[Brief descriptive captions]
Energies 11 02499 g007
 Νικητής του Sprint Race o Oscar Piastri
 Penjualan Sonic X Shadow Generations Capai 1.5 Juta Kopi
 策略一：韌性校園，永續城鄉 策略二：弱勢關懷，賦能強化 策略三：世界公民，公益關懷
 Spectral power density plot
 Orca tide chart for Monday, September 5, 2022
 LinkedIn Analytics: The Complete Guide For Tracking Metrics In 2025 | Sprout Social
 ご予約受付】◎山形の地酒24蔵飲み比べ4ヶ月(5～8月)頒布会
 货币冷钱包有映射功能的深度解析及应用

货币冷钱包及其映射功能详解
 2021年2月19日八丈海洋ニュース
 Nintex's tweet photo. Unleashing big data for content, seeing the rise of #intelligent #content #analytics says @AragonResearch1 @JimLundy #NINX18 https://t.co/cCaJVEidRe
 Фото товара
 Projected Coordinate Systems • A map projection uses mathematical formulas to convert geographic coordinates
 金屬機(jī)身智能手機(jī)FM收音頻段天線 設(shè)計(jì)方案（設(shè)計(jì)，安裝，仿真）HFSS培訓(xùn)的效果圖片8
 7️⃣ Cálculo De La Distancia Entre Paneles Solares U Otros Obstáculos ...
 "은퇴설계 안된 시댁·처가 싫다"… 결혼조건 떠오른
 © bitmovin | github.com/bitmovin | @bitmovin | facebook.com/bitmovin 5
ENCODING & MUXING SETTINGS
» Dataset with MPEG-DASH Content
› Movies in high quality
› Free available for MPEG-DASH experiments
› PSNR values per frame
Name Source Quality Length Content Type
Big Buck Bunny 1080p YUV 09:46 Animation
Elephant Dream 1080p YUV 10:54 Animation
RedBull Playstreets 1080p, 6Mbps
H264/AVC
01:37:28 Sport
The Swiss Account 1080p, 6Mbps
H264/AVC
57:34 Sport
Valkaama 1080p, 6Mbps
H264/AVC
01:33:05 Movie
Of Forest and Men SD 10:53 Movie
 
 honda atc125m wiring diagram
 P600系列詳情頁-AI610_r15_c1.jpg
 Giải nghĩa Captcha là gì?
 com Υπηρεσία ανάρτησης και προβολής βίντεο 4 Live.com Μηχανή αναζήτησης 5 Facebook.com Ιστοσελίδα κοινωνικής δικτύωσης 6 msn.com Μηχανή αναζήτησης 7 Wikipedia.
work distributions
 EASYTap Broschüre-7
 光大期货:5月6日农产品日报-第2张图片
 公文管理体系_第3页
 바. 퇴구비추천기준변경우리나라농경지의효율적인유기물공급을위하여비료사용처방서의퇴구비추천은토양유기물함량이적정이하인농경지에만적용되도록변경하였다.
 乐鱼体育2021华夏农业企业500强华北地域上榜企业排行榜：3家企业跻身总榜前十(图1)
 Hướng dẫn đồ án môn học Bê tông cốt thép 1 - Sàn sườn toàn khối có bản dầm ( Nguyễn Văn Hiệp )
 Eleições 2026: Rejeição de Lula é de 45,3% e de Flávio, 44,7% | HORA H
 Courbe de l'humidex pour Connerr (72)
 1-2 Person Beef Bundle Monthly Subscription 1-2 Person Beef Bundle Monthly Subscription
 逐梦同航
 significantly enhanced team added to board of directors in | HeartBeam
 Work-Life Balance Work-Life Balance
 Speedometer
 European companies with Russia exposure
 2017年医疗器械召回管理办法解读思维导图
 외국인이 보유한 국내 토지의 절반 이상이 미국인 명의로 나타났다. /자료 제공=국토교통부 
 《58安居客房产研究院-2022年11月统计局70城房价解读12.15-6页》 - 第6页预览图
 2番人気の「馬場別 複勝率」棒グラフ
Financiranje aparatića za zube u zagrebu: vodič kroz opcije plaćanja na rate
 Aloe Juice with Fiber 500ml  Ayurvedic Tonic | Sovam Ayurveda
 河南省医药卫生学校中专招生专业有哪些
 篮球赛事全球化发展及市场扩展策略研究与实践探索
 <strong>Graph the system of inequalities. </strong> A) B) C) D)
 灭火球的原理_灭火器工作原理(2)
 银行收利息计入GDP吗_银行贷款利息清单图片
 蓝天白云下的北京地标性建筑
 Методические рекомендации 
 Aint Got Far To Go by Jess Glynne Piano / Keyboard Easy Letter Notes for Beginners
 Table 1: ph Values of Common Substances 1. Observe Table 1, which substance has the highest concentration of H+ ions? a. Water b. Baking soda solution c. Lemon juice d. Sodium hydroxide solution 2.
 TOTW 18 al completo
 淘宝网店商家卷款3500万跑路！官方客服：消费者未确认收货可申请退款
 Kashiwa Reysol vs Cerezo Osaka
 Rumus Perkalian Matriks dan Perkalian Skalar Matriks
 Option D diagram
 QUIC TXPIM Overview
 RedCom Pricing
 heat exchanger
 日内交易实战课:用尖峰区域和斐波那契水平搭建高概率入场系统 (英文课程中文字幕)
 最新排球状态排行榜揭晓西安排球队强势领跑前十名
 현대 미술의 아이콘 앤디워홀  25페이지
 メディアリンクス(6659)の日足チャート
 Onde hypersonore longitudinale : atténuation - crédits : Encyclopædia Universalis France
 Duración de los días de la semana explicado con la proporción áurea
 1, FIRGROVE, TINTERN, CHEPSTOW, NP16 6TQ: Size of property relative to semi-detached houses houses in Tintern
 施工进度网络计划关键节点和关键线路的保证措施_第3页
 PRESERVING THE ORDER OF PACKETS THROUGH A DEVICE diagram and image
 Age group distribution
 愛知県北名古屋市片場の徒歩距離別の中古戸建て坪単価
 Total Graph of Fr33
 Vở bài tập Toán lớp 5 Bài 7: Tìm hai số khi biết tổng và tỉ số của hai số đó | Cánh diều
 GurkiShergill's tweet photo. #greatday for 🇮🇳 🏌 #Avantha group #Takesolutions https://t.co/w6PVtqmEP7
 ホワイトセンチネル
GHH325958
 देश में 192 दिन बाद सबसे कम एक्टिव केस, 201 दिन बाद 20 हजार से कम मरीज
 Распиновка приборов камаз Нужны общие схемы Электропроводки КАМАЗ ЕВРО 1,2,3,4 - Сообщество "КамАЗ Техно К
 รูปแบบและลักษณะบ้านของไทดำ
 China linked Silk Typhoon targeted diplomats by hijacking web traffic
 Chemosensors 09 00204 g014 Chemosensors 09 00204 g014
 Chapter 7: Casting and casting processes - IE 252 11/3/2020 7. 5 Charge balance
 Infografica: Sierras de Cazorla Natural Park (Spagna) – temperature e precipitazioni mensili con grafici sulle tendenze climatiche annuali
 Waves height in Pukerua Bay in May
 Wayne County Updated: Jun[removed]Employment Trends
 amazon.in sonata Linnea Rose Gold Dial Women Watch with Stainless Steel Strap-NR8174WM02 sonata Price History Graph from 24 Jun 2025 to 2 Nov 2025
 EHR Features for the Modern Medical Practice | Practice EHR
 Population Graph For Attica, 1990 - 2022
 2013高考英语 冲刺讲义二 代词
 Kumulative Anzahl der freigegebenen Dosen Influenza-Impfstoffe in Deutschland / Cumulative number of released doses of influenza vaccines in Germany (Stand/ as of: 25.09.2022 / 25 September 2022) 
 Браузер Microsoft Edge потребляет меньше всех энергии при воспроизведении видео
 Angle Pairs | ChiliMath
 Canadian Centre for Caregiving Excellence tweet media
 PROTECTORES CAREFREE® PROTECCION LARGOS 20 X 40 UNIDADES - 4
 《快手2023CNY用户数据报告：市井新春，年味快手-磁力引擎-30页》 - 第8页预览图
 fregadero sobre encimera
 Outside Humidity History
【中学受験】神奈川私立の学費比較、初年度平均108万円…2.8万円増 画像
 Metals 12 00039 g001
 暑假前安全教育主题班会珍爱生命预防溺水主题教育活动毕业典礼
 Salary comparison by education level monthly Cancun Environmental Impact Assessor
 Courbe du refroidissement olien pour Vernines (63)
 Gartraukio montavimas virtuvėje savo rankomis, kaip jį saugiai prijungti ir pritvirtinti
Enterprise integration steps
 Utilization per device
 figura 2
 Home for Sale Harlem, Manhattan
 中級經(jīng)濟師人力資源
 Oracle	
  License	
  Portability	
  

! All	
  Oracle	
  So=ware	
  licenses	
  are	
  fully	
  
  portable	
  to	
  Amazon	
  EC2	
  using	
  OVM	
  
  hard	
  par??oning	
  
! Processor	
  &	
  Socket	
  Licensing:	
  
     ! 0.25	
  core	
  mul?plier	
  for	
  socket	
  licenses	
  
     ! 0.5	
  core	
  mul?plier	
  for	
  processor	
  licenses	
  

- [WHAT IS BEING ASKED]
Using the entries above, quote each line verbatim from the first through the line that contains "金屬機(jī)身智能手機(j".

- [ANSWER TO THE EXERCISE]
Energies 11 02499 g007
 Νικητής του Sprint Race o Oscar Piastri
 Penjualan Sonic X Shadow Generations Capai 1.5 Juta Kopi
 策略一：韌性校園，永續城鄉 策略二：弱勢關懷，賦能強化 策略三：世界公民，公益關懷
 Spectral power density plot
 Orca tide chart for Monday, September 5, 2022
 LinkedIn Analytics: The Complete Guide For Tracking Metrics In 2025 | Sprout Social
 ご予約受付】◎山形の地酒24蔵飲み比べ4ヶ月(5～8月)頒布会
 货币冷钱包有映射功能的深度解析及应用

货币冷钱包及其映射功能详解
 2021年2月19日八丈海洋ニュース
 Nintex's tweet photo. Unleashing big data for content, seeing the rise of #intelligent #content #analytics says @AragonResearch1 @JimLundy #NINX18 https://t.co/cCaJVEidRe
 Фото товара
 Projected Coordinate Systems • A map projection uses mathematical formulas to convert geographic coordinates
 金屬機(jī)身智能手機(jī)FM收音頻段天線 設(shè)計(jì)方案（設(shè)計(jì)，安裝，仿真）HFSS培訓(xùn)的效果圖片8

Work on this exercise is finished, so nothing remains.